Materials provided:

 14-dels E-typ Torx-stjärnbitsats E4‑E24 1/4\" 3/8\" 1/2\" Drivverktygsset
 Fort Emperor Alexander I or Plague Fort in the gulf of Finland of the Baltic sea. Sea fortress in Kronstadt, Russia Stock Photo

==

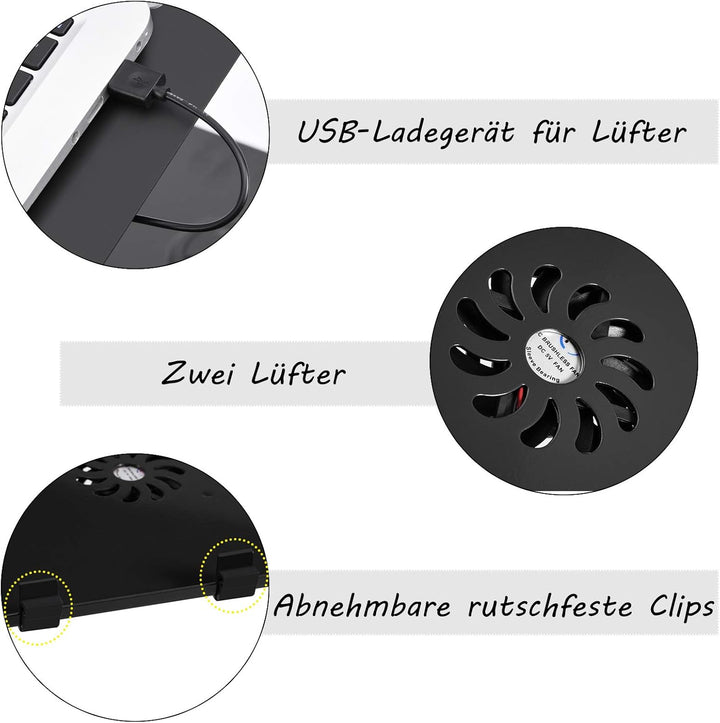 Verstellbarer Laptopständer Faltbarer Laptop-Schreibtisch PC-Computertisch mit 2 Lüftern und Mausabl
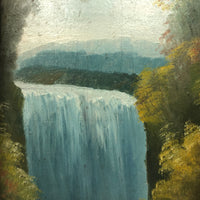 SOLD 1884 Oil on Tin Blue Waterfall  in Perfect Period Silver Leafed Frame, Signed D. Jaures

What you will do:
Give back, exactly and without pictures, the stretch of the records above from the line containing "Verstellbarer Laptopständer Faltbarer" through the line containing "SOLD 1884 Oil", with both end lines included.

Exercise result:
 Verstellbarer Laptopständer Faltbarer Laptop-Schreibtisch PC-Computertisch mit 2 Lüftern und Mausabl
 SOLD 1884 Oil on Tin Blue Waterfall  in Perfect Period Silver Leafed Frame, Signed D. Jaures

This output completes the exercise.